**About this exercise**
Look below for the lines from the one with "AREA Nameplate Tank" to the one with "Omirad Retro Number", and copy exactly those lines, both ends included.

Items listed in a dataset
^^^^^^^^^^^^^^^^

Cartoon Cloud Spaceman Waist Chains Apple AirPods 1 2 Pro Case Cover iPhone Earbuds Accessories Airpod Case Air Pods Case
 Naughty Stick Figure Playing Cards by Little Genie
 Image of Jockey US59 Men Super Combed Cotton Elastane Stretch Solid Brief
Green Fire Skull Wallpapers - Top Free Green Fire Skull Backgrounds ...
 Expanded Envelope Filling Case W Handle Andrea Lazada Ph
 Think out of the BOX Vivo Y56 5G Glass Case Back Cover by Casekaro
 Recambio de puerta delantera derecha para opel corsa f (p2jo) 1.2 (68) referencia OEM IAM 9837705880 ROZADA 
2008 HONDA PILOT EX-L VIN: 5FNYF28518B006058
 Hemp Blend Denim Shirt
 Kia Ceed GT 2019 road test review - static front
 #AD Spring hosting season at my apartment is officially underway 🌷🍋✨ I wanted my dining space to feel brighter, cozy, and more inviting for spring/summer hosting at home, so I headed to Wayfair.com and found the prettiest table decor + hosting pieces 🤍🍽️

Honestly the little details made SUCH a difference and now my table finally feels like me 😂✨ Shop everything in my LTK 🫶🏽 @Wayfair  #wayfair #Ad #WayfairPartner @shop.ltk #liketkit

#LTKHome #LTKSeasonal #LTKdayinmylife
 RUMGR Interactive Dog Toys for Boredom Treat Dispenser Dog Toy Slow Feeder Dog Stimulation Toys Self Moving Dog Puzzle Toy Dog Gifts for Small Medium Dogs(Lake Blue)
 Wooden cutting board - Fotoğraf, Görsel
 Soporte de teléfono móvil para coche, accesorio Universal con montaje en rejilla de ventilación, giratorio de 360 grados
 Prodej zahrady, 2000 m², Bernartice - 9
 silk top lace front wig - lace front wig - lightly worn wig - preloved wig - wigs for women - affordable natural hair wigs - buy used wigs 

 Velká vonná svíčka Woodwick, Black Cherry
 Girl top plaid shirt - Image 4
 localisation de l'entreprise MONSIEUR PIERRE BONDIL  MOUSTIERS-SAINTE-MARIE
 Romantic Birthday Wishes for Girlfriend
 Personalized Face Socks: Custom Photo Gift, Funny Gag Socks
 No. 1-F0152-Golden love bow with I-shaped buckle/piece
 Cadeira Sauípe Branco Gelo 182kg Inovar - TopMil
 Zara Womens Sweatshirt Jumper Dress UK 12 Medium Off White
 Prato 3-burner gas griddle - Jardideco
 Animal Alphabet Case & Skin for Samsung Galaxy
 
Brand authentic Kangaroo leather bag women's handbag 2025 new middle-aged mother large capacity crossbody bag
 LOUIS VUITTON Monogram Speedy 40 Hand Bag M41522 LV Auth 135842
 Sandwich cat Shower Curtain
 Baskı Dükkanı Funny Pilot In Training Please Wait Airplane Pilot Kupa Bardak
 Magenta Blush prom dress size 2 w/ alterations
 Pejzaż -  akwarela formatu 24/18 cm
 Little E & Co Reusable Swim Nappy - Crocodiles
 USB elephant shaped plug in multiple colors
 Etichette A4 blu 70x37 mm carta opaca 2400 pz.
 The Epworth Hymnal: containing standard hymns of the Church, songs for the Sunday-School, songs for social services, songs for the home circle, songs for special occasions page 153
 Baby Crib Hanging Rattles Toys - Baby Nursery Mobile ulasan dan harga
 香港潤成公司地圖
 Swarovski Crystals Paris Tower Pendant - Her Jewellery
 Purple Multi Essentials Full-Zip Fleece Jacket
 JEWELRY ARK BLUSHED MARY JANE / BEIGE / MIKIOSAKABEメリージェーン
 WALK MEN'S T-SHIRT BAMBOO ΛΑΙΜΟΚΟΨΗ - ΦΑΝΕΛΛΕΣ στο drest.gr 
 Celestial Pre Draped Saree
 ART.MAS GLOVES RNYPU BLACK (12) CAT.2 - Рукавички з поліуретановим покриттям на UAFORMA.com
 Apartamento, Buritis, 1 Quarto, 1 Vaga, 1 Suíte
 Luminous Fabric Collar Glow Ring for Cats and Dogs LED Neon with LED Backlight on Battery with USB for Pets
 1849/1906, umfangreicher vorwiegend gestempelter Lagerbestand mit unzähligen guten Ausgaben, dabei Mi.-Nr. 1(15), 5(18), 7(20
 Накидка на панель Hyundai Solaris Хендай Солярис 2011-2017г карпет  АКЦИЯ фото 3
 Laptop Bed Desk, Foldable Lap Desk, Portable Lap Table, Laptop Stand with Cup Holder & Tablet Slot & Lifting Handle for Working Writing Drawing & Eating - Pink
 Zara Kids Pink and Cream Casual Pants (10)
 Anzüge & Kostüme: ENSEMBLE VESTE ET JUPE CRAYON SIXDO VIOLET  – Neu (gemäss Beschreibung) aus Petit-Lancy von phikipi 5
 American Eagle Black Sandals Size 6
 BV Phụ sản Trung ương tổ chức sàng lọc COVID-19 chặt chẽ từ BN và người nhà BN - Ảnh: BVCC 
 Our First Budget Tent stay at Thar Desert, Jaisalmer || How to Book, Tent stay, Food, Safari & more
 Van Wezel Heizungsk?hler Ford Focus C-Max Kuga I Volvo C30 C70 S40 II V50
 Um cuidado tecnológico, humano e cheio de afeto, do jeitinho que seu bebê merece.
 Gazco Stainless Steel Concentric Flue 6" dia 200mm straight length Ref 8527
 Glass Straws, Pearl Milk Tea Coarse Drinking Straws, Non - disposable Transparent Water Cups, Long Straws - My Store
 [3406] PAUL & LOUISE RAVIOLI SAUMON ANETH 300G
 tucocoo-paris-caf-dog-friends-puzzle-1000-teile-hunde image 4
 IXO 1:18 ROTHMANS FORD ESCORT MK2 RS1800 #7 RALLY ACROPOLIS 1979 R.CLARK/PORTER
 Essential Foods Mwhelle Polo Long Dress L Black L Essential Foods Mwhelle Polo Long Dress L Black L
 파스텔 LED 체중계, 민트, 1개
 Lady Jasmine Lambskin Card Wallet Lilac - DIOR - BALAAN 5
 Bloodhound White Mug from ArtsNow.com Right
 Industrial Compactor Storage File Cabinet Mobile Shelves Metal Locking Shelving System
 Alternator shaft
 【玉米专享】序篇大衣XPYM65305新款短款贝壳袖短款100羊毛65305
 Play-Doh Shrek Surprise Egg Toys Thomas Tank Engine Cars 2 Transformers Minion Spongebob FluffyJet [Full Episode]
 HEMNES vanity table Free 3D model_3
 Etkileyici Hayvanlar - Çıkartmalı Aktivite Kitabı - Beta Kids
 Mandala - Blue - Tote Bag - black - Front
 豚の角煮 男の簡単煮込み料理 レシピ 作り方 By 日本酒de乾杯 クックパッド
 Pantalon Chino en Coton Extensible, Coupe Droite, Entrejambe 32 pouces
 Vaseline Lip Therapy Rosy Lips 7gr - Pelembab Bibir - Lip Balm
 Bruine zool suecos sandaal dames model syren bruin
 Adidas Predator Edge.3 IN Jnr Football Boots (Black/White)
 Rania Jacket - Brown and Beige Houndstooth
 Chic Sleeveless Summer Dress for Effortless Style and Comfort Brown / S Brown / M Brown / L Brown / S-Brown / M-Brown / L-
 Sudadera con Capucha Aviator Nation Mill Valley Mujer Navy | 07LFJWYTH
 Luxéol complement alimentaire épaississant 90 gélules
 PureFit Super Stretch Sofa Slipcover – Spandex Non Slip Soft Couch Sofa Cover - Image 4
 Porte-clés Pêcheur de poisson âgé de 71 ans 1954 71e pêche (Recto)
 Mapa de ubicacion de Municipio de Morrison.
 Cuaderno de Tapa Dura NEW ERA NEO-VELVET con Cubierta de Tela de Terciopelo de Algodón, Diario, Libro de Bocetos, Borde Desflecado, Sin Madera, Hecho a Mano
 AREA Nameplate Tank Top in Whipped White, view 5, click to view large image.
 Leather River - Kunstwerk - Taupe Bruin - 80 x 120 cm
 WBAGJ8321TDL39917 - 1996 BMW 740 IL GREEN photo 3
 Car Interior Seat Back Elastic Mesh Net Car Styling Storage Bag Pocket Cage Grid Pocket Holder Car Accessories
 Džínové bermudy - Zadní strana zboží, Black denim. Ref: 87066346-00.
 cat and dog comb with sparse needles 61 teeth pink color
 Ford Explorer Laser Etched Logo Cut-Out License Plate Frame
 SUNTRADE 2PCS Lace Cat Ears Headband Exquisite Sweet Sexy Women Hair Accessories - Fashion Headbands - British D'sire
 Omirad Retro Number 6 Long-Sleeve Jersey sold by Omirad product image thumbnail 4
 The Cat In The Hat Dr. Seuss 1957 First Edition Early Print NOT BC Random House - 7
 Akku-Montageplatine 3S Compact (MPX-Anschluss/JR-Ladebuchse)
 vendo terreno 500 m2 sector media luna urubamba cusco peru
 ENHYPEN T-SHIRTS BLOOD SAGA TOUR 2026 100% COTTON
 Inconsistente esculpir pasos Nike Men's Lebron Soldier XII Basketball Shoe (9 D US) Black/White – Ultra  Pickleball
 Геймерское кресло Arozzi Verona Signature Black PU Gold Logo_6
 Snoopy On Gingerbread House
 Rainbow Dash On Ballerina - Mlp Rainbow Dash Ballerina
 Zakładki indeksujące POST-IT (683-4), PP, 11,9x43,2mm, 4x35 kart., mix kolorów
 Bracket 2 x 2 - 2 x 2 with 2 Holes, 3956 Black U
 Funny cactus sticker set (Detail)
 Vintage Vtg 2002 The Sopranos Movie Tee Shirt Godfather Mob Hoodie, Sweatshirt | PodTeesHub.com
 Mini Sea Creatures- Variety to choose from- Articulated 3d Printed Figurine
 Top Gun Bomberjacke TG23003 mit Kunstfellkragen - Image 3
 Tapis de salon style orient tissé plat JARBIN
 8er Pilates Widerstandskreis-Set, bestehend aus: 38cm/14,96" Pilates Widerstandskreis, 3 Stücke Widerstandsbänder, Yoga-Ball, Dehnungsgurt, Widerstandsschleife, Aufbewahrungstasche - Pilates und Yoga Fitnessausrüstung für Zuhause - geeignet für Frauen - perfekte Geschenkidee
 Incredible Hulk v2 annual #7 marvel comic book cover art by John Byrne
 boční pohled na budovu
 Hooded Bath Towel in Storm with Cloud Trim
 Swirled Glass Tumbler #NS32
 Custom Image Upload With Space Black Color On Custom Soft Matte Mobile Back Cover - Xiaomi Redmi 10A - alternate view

^^^^^^^^^^^^^^^^

**Completed exercise**
 AREA Nameplate Tank Top in Whipped White, view 5, click to view large image.
 Leather River - Kunstwerk - Taupe Bruin - 80 x 120 cm
 WBAGJ8321TDL39917 - 1996 BMW 740 IL GREEN photo 3
 Car Interior Seat Back Elastic Mesh Net Car Styling Storage Bag Pocket Cage Grid Pocket Holder Car Accessories
 Džínové bermudy - Zadní strana zboží, Black denim. Ref: 87066346-00.
 cat and dog comb with sparse needles 61 teeth pink color
 Ford Explorer Laser Etched Logo Cut-Out License Plate Frame
 SUNTRADE 2PCS Lace Cat Ears Headband Exquisite Sweet Sexy Women Hair Accessories - Fashion Headbands - British D'sire
 Omirad Retro Number 6 Long-Sleeve Jersey sold by Omirad product image thumbnail 4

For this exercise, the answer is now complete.